- _TASK ITEM_
Line for line, return the data exactly, omitting all pictures.

=== SOURCE DATA ===

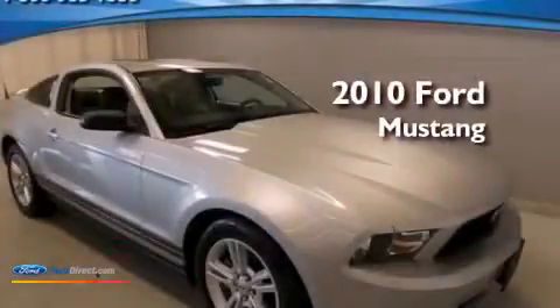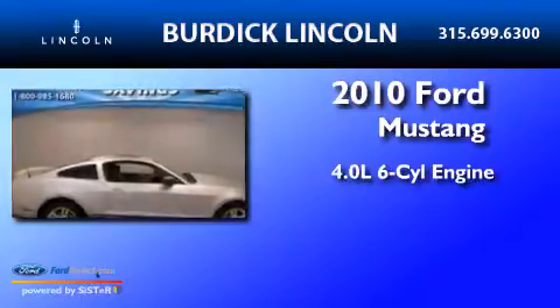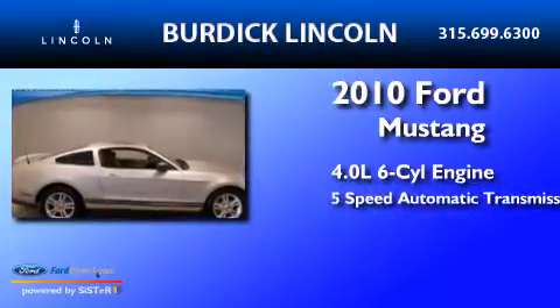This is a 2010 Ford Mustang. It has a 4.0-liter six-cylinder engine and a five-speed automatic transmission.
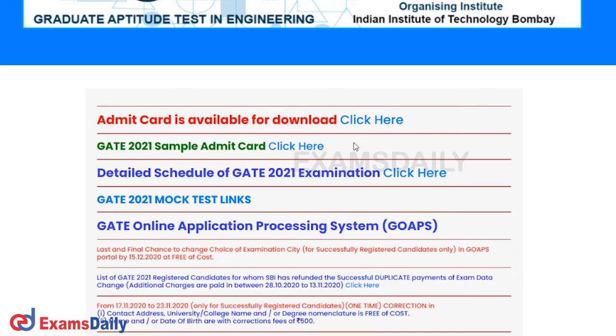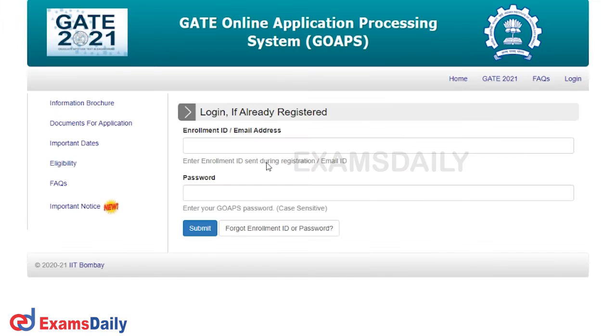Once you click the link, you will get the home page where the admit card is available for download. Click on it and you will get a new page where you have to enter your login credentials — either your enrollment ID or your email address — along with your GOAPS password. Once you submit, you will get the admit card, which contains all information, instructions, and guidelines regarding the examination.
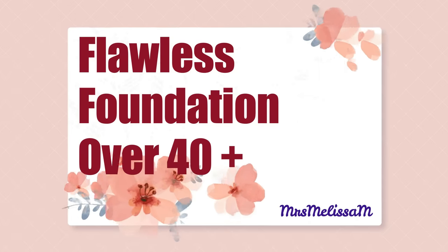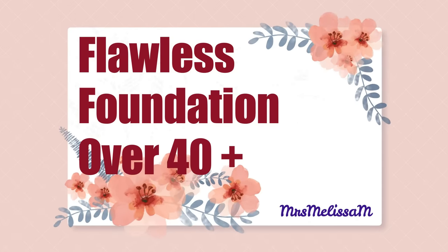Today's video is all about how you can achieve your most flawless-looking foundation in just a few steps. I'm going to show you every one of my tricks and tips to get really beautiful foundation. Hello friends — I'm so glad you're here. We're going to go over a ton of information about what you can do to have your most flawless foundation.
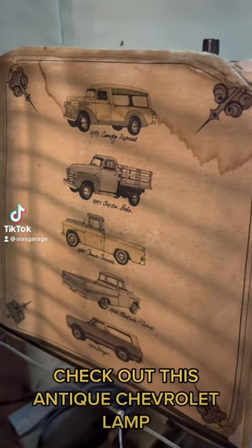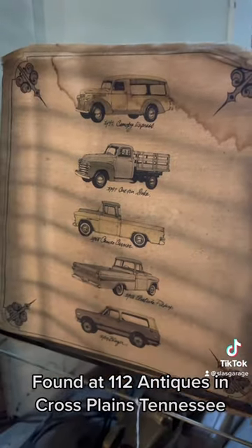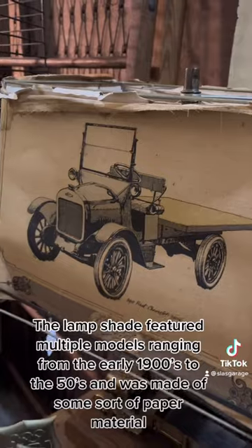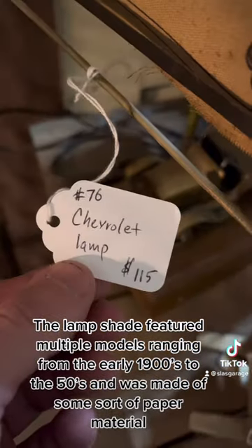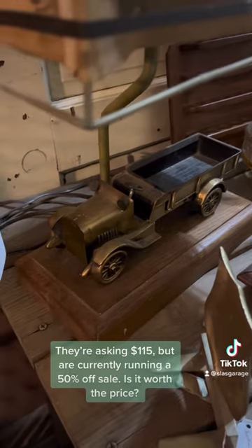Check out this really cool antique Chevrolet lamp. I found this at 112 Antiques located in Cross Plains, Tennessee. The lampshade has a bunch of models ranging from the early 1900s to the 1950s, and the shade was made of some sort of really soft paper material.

===

- _SOLUTION_
This is a 2010 Ford Mustang. It has a 4.0-liter six-cylinder engine and a five-speed automatic transmission.
Once you click the link, you will get the home page where the admit card is available for download. Click on it and you will get a new page where you have to enter your login credentials — either your enrollment ID or your email address — along with your GOAPS password. Once you submit, you will get the admit card, which contains all information, instructions, and guidelines regarding the examination.
Today's video is all about how you can achieve your most flawless-looking foundation in just a few steps. I'm going to show you every one of my tricks and tips to get really beautiful foundation. Hello friends — I'm so glad you're here. We're going to go over a ton of information about what you can do to have your most flawless foundation.
Check out this really cool antique Chevrolet lamp. I found this at 112 Antiques located in Cross Plains, Tennessee. The lampshade has a bunch of models ranging from the early 1900s to the 1950s, and the shade was made of some sort of really soft paper material.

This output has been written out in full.